TEORIA DO ELO E OS ATOS INFRACIONAIS DE MAUS-TRATOS CONTRA ANIMAIS: CONTRIBUIÇÕES PARA O APERFEIÇOAMENTO DAS MEDIDAS SOCIOEDUCATIVAS
DOI:
https://doi.org/10.51891/rease.v12i8.29389Palavras-chave:
Teoria do Elo. maus-tratos contra animais. medidas socioeducativas. adolescente em conflito com a lei. proteção integral. prevenção da violência.Resumo
O presente artigo analisa as contribuições da Teoria do Elo para o aperfeiçoamento das medidas socioeducativas aplicáveis aos adolescentes que praticam atos infracionais análogos ao crime de maus-tratos contra animais.

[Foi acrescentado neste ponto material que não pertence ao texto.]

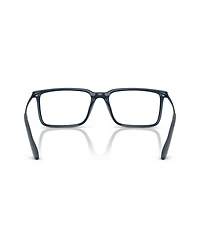 A|X Armani Exchange Men's Square Eyeglasses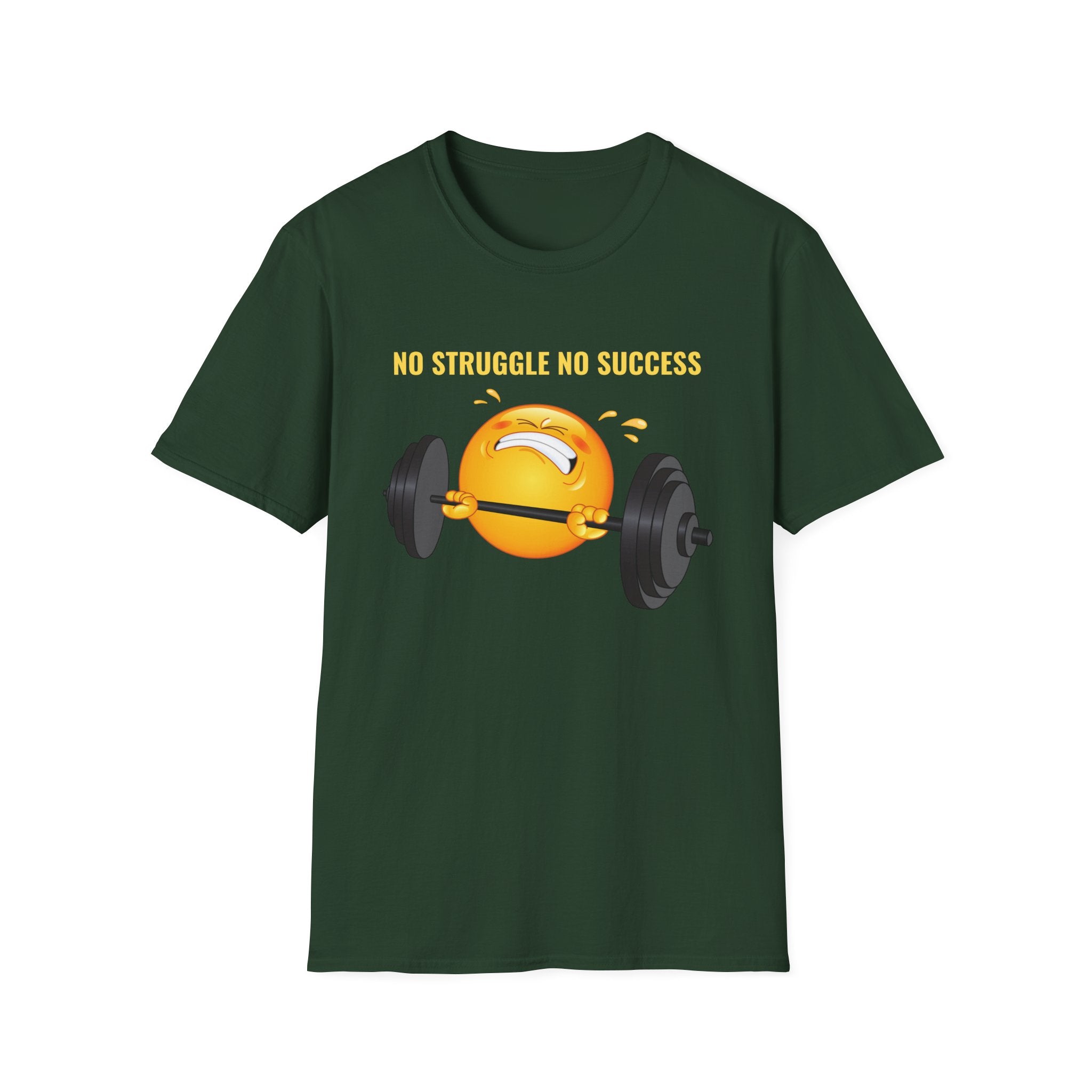 No Struggle No Success Emoji T-Shirt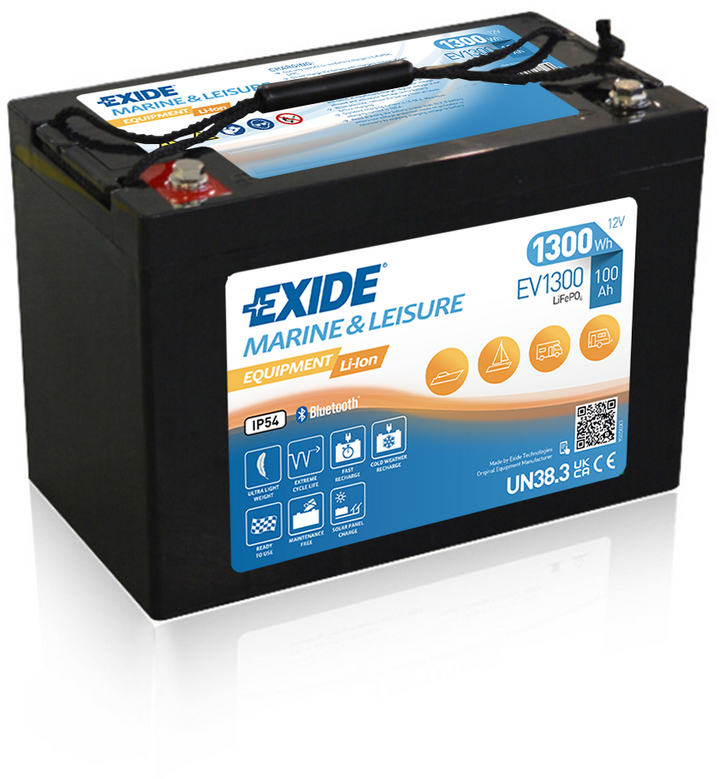 Exide Equipment Li-Ion EV1300X 100 Ah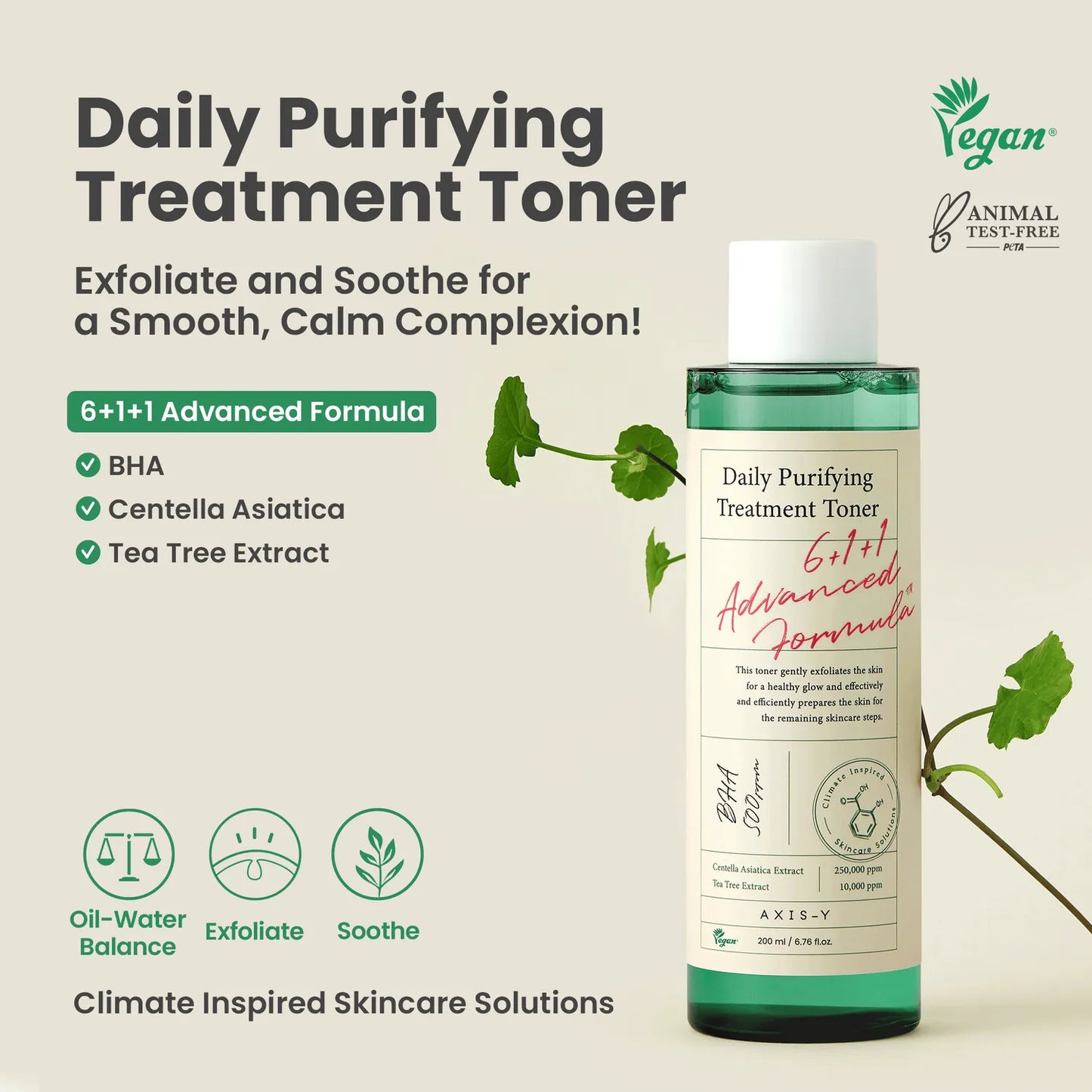 Axis-Y Daily Purifying Treatment Toner | Pore Cleansing Toner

Parte-se da relação entre a proteção integral da criança e do adolescente e a tutela constitucional dos animais contra práticas cruéis, examinando-se o Estatuto da Criança e do Adolescente, a Lei do Sistema Nacional de Atendimento Socioeducativo e a legislação ambiental brasileira. Por meio de pesquisa qualitativa, bibliográfica e documental, são abordados estudos jurídicos, criminológicos e psicológicos acerca da possível associação entre a crueldade contra animais, a perda de empatia, a exposição à violência familiar e futuras manifestações de violência interpessoal. Verificou-se que essa relação não pode ser interpretada de maneira automática ou determinista, mas constitui importante indicador de vulnerabilidades psicológicas, familiares e sociais. Conclui-se que a Teoria do Elo pode auxiliar as equipes multidisciplinares na elaboração do Plano Individual de Atendimento e na identificação das necessidades específicas de cada adolescente, favorecendo intervenções pedagógicas, psicossociais e familiares individualizadas. Sua utilização não deve justificar o agravamento automático das medidas ou a estigmatização do adolescente, mas contribuir para a prevenção da reincidência, o desenvolvimento da empatia, o fortalecimento dos vínculos familiares e comunitários e a interrupção dos ciclos de violência.